Print all entries below exactly, without images.
─── EXTRACTED INFORMATION
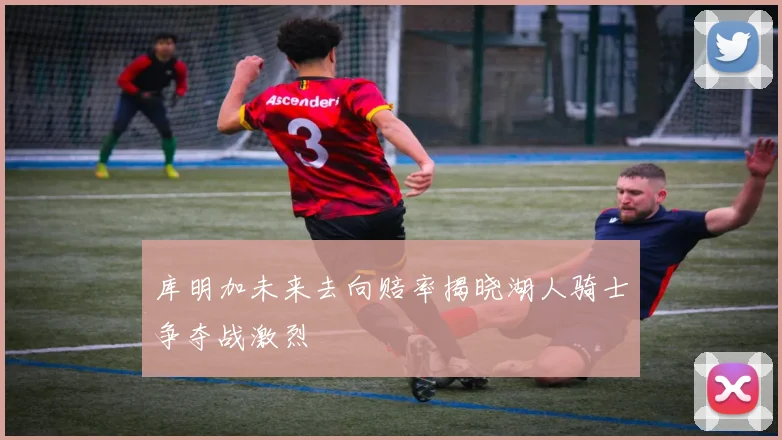 库明加未来去向赔率揭晓湖人骑士争夺战激烈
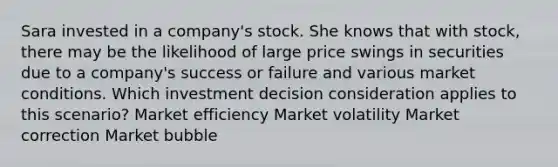 Sara invested in a company's stock. She knows that with stock, there may be the likelihood of large price swings in securities due to a company's success or failure and various market conditions. Which investment decision consideration applies to this scenario? Market efficiency Market volatility Market correction Market bubble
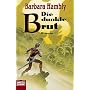 Die dunkle Brut.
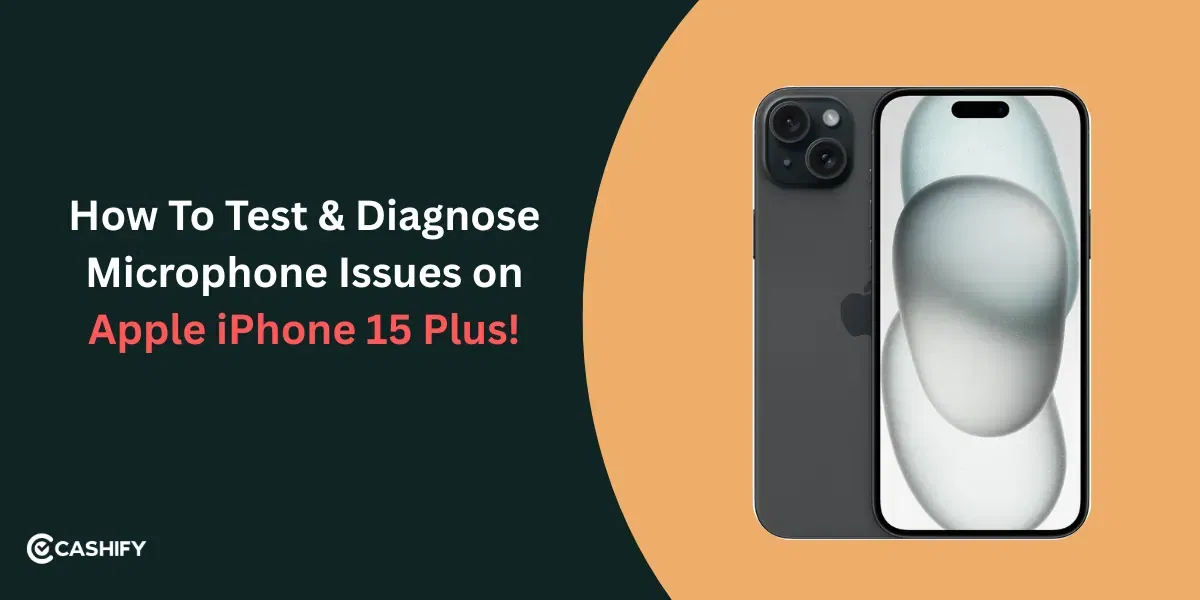 How To Test &amp; Diagnose Microphone Issues on iPhone 15 Plus!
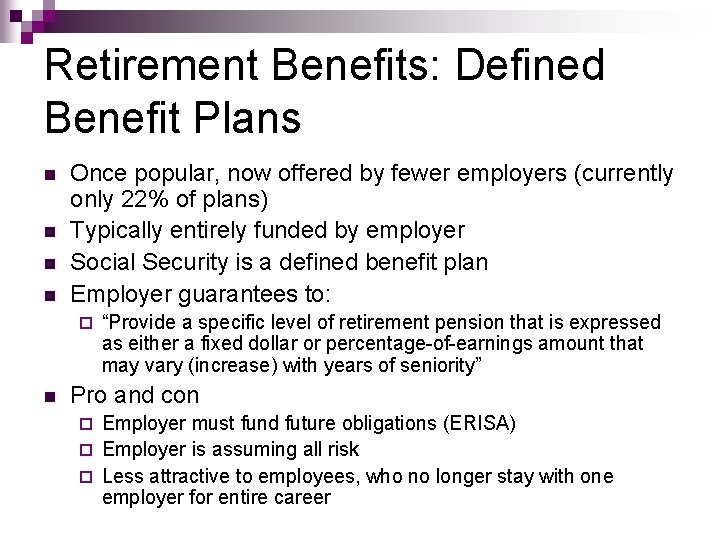 Retirement Benefits: Defined Benefit Plans n n Once popular, now offered by fewer employers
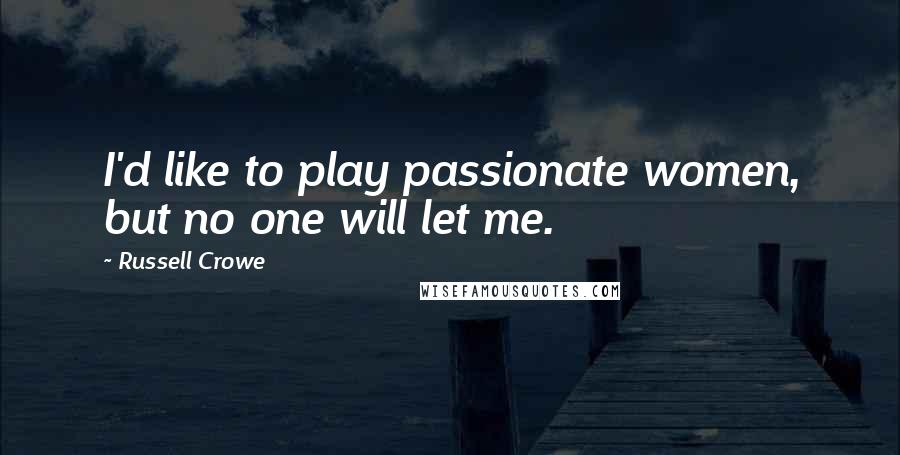 Russell Crowe Quotes: I'd like to play passionate women, but no one will let me.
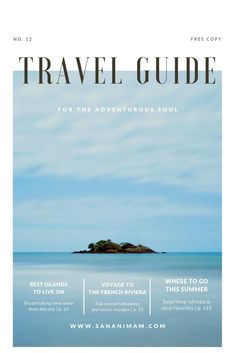 the front cover of travel guide for the adventurer's soul, featuring an island in the water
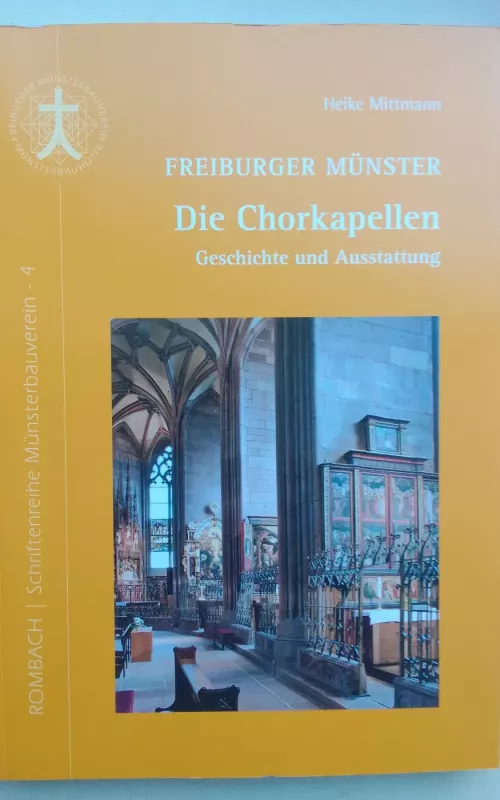 Freiburger Münster. Die Chorkapellen. Geschichte und Ausstattung - Heike Mittmann, knyga 2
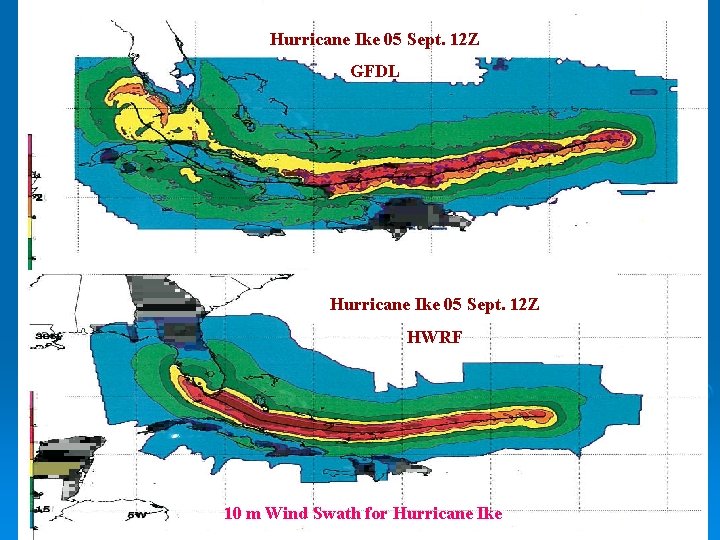 Hurricane Ike 05 Sept. 12 Z GFDL Hurricane Ike 05 Sept. 12 Z HWRF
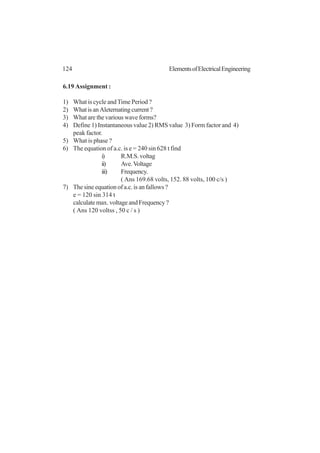 124 ElementsofElectricalEngineering
6.19 Assignment :
1) What is cycle andTime Period ?
2) WhatisanAleternatingcurrent?
3) What are the various wave forms?
4) Define 1) Instantaneous value 2) RMS value 3) Form factor and 4)
peak factor.
5) What is phase ?
6) The equation of a.c. is e = 240 sin 628 t find
i) R.M.S.voltag
ii) Ave.Voltage
iii) Frequency.
( Ans 169.68 volts, 152. 88 volts, 100 c/s )
7) The sine equation of a.c. is an fallows ?
e = 120 sin 314 t
calculate max. voltage and Frequency ?
( Ans 120 voltss , 50 c / s )
 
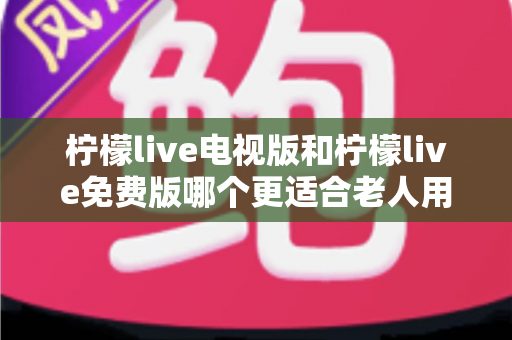 柠檬live电视版和柠檬live免费版哪个更适合老人用?深度对比分析帮你一次选对 柠檬live电视版和柠檬live免费版哪个更适合老人用?深度对比分析帮你一次选对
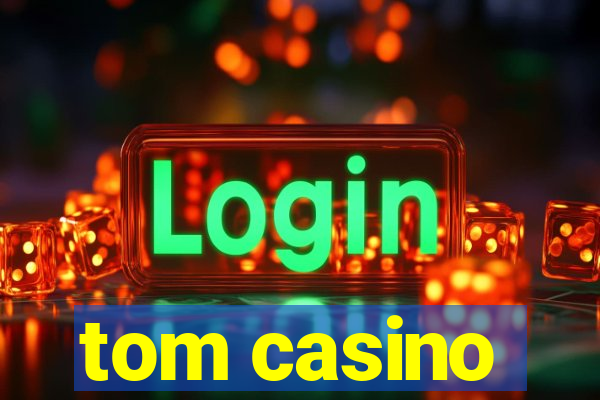 tom casino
──────
[SOLUTION FOR THIS TASK]
 库明加未来去向赔率揭晓湖人骑士争夺战激烈
 Sara invested in a company's stock. She knows that with stock, there may be the likelihood of large price swings in securities due to a company's success or failure and various market conditions. Which investment decision consideration applies to this scenario? Market efficiency Market volatility Market correction Market bubble
 Die dunkle Brut.
 How To Test &amp; Diagnose Microphone Issues on iPhone 15 Plus!
 Retirement Benefits: Defined Benefit Plans n n Once popular, now offered by fewer employers
 Russell Crowe Quotes: I'd like to play passionate women, but no one will let me.
 the front cover of travel guide for the adventurer's soul, featuring an island in the water
 Freiburger Münster. Die Chorkapellen. Geschichte und Ausstattung - Heike Mittmann, knyga 2
 Hurricane Ike 05 Sept. 12 Z GFDL Hurricane Ike 05 Sept. 12 Z HWRF
 124 ElementsofElectricalEngineering
6.19 Assignment :
1) What is cycle andTime Period ?
2) WhatisanAleternatingcurrent?
3) What are the various wave forms?
4) Define 1) Instantaneous value 2) RMS value 3) Form factor and 4)
peak factor.
5) What is phase ?
6) The equation of a.c. is e = 240 sin 628 t find
i) R.M.S.voltag
ii) Ave.Voltage
iii) Frequency.
( Ans 169.68 volts, 152. 88 volts, 100 c/s )
7) The sine equation of a.c. is an fallows ?
e = 120 sin 314 t
calculate max. voltage and Frequency ?
( Ans 120 voltss , 50 c / s )
 
 柠檬live电视版和柠檬live免费版哪个更适合老人用?深度对比分析帮你一次选对 柠檬live电视版和柠檬live免费版哪个更适合老人用?深度对比分析帮你一次选对
 tom casino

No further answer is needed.